Is this normal and something I just have to live with or have I got a fault?
I'm uncertain whether I'm just picky or should be going back to the dealer. 
Any views?


----------



## brucek (Apr 11, 2006)

> I'm uncertain whether I'm just picky


Hardly. I won't accept any hum that I can hear from the listening position.... return it!


----------



## eugovector (Sep 4, 2006)

brucek said:


> Hardly. I won't accept any hum that I can hear from the listening position.... return it!


Have the same problem with my Athena A300. Of course, I bought it for $115 so I really couldn't be picky. In this case though, back it would go.


----------



## spyboy (Jul 23, 2006)

noisy said:


> I'm a sub newby and just bought a new Sunfire True EQ. It has an audible hum even when in standby and not connected to any other equipment. I've tried it in various sockets around the house, with different power cords, and even through a power filter. None of it's controls alter the hum and it's the same whether in standby or not.
> It's not especially loud but can be heard anywhere in the room which means I won't be leaving it on standby - shame.
> Is this normal and something I just have to live with or have I got a fault?
> I'm uncertain whether I'm just picky or should be going back to the dealer.
> Any views?



Sunfire subwoofers have a history of hum that cannot be fixed. Return it.


----------



## Guest (Jan 30, 2008)

Thanks for all your input - it persuaded me to contact the dealer with some confidence.
They have agreed to replace it so I hope the next one is better.

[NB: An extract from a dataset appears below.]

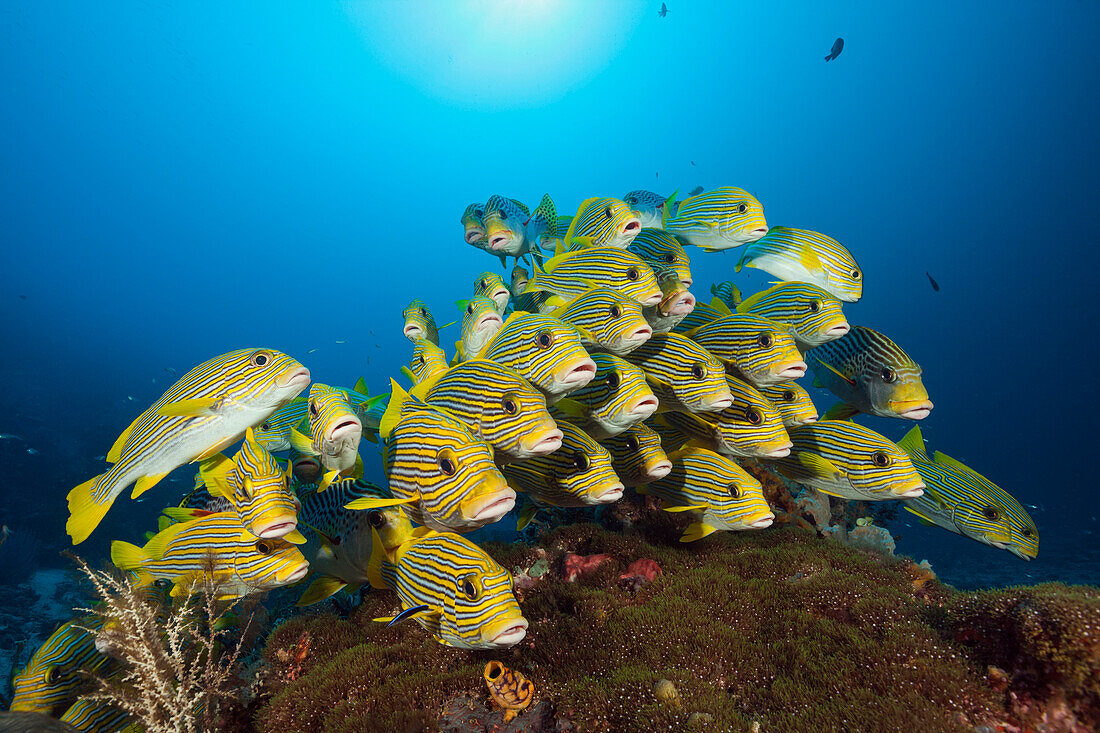 Flock of Goldstreaked Sweetlips, Plectorhinchus polytaenia, Raja Ampat, West Papua, Indonesia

Spyboy - I hope you mean certain samples had a problem rather than they generally do?


----------



## spyboy (Jul 23, 2006)

noisy said:


> Thanks for all your input - it persuaded me to contact the dealer with some confidence.
> They have agreed to replace it so I hope the next one is better.
> 
> Spyboy - I hope you mean certain samples had a problem rather than they generally do?


The first review of a Sunfire subwoofer that I read was in Stereo Review. That was about 10 years ago. Stereo Review is now called Sound & Vision. In the review they could not figure out how to stop the Sunfire subwoofer from humming.

I have read comments from other people who have had a problem with hum from Sunfire subwoofers. I am not saying that every single subwoofer from Sunfire hums. I am sure that some of them do not hum. 

Just do not accept another Sunfire subwoofer that hums.


----------